If you'd like to use the MAC-48 address, you can do so. This sample shows a “range” line, but that is commented out, so it has no impact.

option domain-name "sample.example.zz";
option
domain-name-servers 208.67.222.222,208.67.220.220,8.8.8.8,8.8.4.4;
# Above list contains OpenDNS and GoogleDNS.  More addresses @ CyberPillar.com
# at /dirsver/1/mainsite/techns/netwrkin/netistrc/namtoadr/dns/dns.htm#dnsdusbl (DNS Usable)

subnet 198.51.100.0 netmask 255.255.255.0 {
# option routers 198.51.100.1;

#
range 198.51.100.1 198.51.100.6;

host static-client {
# device identifying address (MAC-48)
hardware ethernet 52:54:00:12:11:01;
# VMNUM is fifth hexadec' pair^^

# device IPv4 address
fixed-address 198.51.100.2;

# default gateway
option routers 198.51.100.1;
}
}

The fixed-address will need to be within the specified subnet. (When that is true, then the first bits of the address will be identical. It is, therefore, common to see part of the address looking like it starts the same.) Otherwise, dhcpd will refuse to hand out the static address (but it will run, and will not complain with an error message).

NIC must listen

Before successfully starting the DHCP/IPv4 server, the NIC that will be receiving the DHCP/IPv4 traffic must be ready to listen for traffic. If that NIC does not yet have its IPv4 set, then fix that before trying to run the server.

Run the server

Then, try running the server. Note that in this example, which includes the interface name as part of the filename, the name of the TUN/TAP device shows up twice in a single command line. (If you are not using the variable shown by this guide, make sure to customize both locations.)

date
sudo dhcpd -c /etc/dhcpd-${CURTUNTP}.conf ${CURTUNTP}
echo ${?}
ps -auxww | grep -i dhcpd
sudo tail /var/log/messages
Some notes about using ps

Note that although the above syntax will work okay with OpenBSD, ps syntax differences are significant enough that no single syntax is preferred by all the Unix implementations. Users of other operating systems may need to adjust the example shown. (Common modifications may include taking out the hyphen right after the word ps and/or removing some parameters, such as one or both of the w characters.)

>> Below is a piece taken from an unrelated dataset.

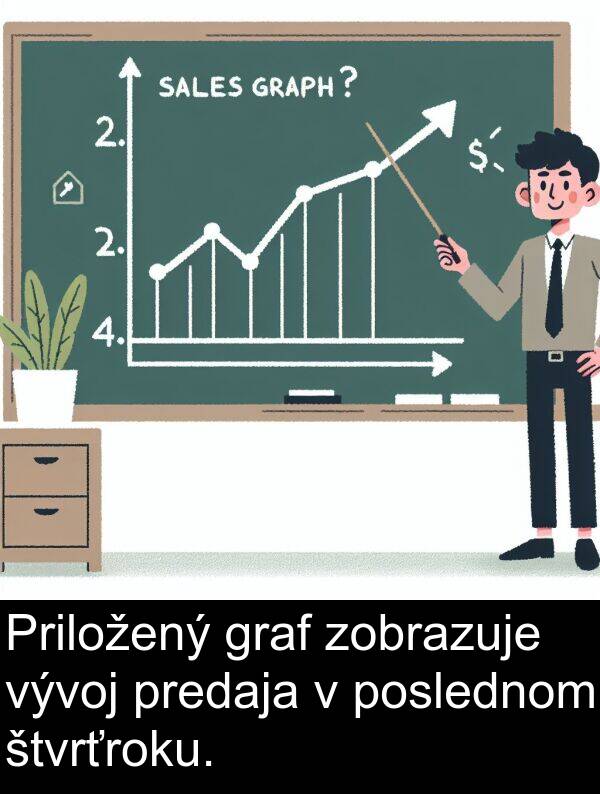 graf: Priložený graf zobrazuje vývoj predaja v poslednom štvrťroku.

Multiple redirections are shown. The final redirection is discussed in the section about “Having grep exclude itself”.

Troubleshooting
dhcpd -n -c /etc/dhcpd-${CURTUNTP}.conf
echo ${?}

If the configuration file is valid, then dhcpd outputs no text, and the echo command will output a zero. If there a configuration error detected, then the echo command will output a one. Even better yet, the dhcpd will likely report the problem.

If the expected dhcpd is not running, check for error messages. (The program might not be considerate enough to provide a “verbose” option.)

tail /var/log/daemon | grep -i dhcpd
tail /var/log/messages | grep -i dhcpd

Note: The above commands are designed for a not-very-busy server. If other programs are likely to be writing to the log file, then some additional care may be needed to view the messages.

If this is not the first attempt to run the server, then pay attention to the number in the square braces right after the word “dhcpd”. That is a PID, and so it should presumably change each time you run the program. If you're not seeing the number change, you might be looking at older messages. You can also pay attention to the time stamp, if that helps any.

Optional: Some people might want to run “ tail -f /var/log/messages ” in another terminal. Then, after making changes to the text file, press the Enter key a few times so that new messages are easily visually distinct from older messages. Finally, the command can be exited with Ctrl-C. This is a very optional step that some people like to do, but people should not worry about this too much if there's some challenge/difficulty (such as if there is no terminal multiplexer, and so getting a second terminal would be a challenge).